● **GOAL OF THE EXERCISE**
Reproduce exactly the run of lines that begins with the one containing "Лодка MISHIMO RIVER" and ends with the last line of the records, omitting pictures.

::::

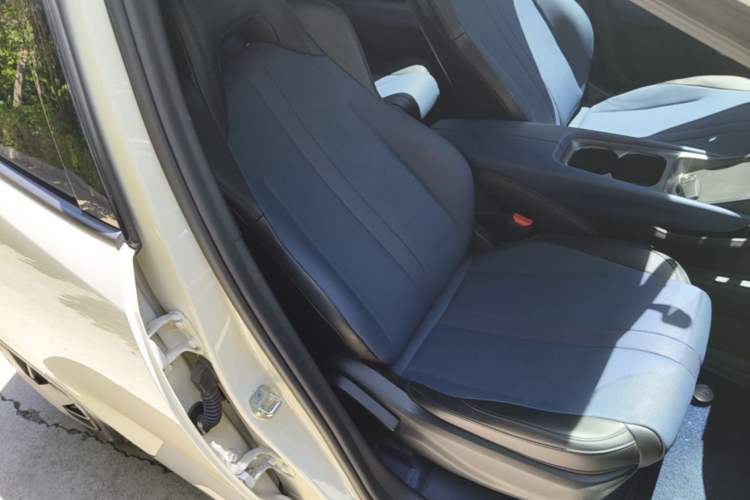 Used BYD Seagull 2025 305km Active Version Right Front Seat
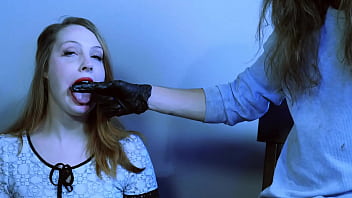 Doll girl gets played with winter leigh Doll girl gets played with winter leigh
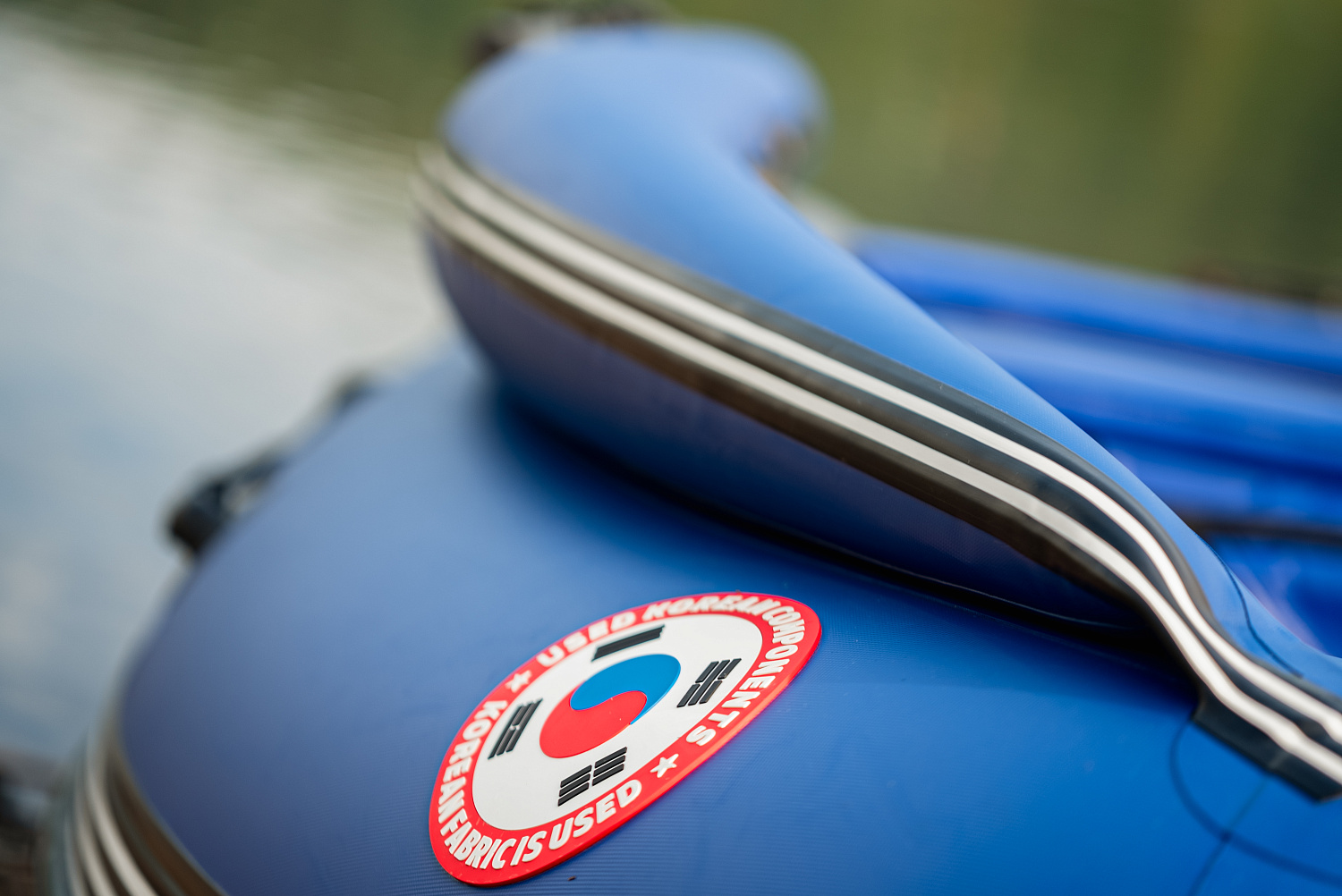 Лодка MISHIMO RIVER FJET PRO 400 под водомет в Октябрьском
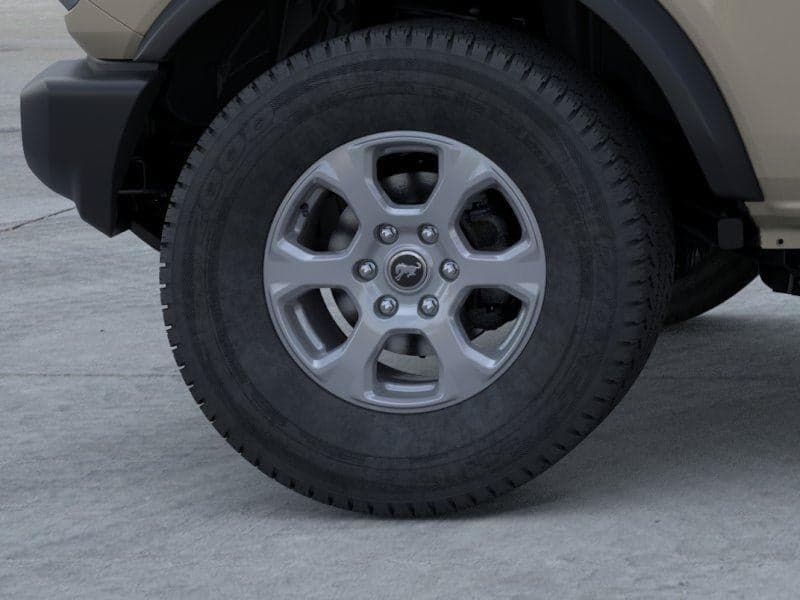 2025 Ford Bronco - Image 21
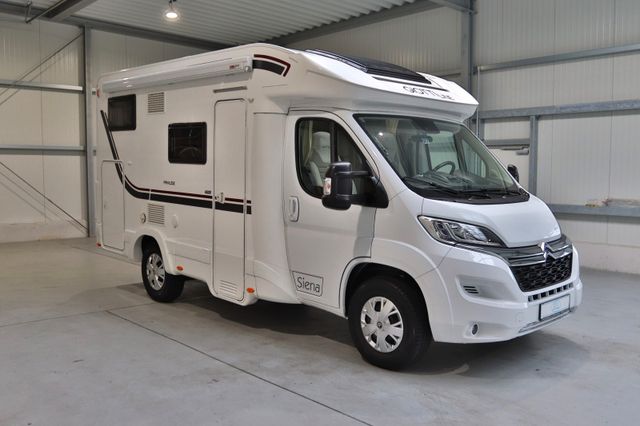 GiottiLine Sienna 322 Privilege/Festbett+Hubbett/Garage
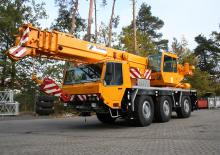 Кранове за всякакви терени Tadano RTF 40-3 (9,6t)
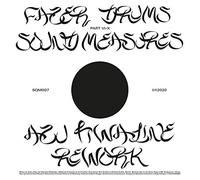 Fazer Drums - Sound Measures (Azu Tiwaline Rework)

::::

● **RESPONSE TO THE EXERCISE**
 Лодка MISHIMO RIVER FJET PRO 400 под водомет в Октябрьском
 2025 Ford Bronco - Image 21
 GiottiLine Sienna 322 Privilege/Festbett+Hubbett/Garage
 Кранове за всякакви терени Tadano RTF 40-3 (9,6t)
 Fazer Drums - Sound Measures (Azu Tiwaline Rework)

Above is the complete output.